Isn't that worse, a big brother in the middle watching everything and even doing TLS termination? Unless it's running on a Tor-like distributed system?

specialist · on Dec 13, 2019

Much belated response, sorry.

I just don't know. I've stopped using VPNs for this very reason.

3xblah · on Dec 11, 2019

This type of tracking seems to assume the user is not bothering to send a fake Referer, e.g. she can just use the URL she is requesting, or just omit the header. One could argue such users are "low-hanging fruit".

Very few websites will vary the response if there is no Referer. Sending it really offers little benefit to the user.

Setting up a "headless" browser also seems like overkill. Firefox 57 and later has a -screenshot command line option which saves a PNG. No need to launch X11 for this to work.

leppr · on Dec 11, 2019

Payment flows often require a specific referrer.

3xblah · on Dec 11, 2019

Solution: Send a Referer when making payments, i.e., when using the web for commerce.

No need to send one when using the web for recreation.

core-questions · on Dec 11, 2019

So they're taking screenshots via the VM console? Why not just directly interact with the VM console, then?

ljm · on Dec 11, 2019

If they’re forwarding each click to a different VM to avoid persistent tracking then that wouldn’t work.

kube-system · on Dec 10, 2019

https://en.wikipedia.org/wiki/Browser_isolation

keyle · on Dec 11, 2019

Why don't they use isolated laptops with only 4G access or dedicated external line?

Spivak · on Dec 10, 2019

If you want this in Firefox you need to tweak an about:config setting. I really hope it becomes the default at some point.

    # Only send the origin cross-domain.
    network.http.referer.XOriginTrimmingPolicy = 2

This alone is a pretty liberal policy. People in this crowd probably want even more which can be found here: https://wiki.mozilla.org/Security/Referrer

xvector · on Dec 10, 2019

Why does this header need to exist in the first place? Seems like a huge privacy breach. Why can't 0 be the default setting?

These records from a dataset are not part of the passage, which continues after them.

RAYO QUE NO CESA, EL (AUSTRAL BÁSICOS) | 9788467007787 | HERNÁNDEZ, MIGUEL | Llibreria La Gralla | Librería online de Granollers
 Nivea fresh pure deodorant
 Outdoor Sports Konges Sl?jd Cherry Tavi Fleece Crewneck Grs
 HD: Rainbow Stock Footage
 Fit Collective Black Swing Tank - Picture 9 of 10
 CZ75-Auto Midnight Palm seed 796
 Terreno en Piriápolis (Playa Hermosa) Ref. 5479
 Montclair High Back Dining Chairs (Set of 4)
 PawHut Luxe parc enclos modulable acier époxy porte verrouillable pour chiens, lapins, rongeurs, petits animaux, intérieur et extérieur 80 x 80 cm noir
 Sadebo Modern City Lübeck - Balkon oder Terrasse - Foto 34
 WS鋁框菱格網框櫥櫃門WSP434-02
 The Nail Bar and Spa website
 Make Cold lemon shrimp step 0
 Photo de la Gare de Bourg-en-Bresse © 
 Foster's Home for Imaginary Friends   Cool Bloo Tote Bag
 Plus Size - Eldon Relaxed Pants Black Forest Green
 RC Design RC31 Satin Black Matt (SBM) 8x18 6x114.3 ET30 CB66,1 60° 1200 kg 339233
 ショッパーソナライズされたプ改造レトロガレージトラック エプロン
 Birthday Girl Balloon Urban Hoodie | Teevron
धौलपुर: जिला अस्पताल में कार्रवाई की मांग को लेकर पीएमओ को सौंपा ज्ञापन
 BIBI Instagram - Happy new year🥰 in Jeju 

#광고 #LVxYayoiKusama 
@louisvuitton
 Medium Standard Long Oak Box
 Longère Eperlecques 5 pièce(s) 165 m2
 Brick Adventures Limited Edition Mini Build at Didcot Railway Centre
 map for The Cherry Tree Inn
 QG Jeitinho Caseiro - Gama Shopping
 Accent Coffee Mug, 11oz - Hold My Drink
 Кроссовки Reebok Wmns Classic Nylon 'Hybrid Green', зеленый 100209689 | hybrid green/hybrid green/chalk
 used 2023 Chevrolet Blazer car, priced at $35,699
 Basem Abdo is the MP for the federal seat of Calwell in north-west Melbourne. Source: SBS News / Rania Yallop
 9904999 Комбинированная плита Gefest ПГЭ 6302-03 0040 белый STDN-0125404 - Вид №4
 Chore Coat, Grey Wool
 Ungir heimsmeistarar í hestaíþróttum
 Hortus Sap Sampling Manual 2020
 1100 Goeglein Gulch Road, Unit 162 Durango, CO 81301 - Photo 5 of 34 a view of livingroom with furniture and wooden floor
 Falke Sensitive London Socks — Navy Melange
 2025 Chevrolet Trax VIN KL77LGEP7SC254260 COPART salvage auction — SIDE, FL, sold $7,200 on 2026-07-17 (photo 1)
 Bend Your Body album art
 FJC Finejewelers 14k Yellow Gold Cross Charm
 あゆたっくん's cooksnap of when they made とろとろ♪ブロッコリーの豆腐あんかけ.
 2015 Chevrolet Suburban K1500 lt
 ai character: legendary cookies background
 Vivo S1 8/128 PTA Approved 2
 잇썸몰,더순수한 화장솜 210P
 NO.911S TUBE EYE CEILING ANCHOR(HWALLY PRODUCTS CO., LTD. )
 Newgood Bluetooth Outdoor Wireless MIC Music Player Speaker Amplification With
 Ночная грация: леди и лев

kevinoid · on Dec 10, 2019

I can't speak to why it was originally defined, but since the Referer [sic] header has existed for decades, many sites depend on it to function. The Smart Referer extension whitelist[1] and bug tracker[2] have several examples.

1. https://gitlab.com/smart-referer/smart-referer/blob/gh-pages...

2. https://gitlab.com/smart-referer/smart-referer/issues?scope=...

eitland · on Dec 11, 2019

> I can't speak to why it was originally defined, but since the Referer [sic] header has existed for decade

I can remember my Dad getting a mail from someone he linked to that was about to move his website and politely contacted his neighbors on the internet to allow them to update their links.

Very useful at that time.

tempestn · on Dec 11, 2019

It can still be useful for that kind of thing. When I notice an unexpected spike of traffic on one of our sites I'll often look at our analytics to see where it came from and then potentially drop in there to answer comments and such. Not to say that's worth the privacy trade-off though, unfortunately.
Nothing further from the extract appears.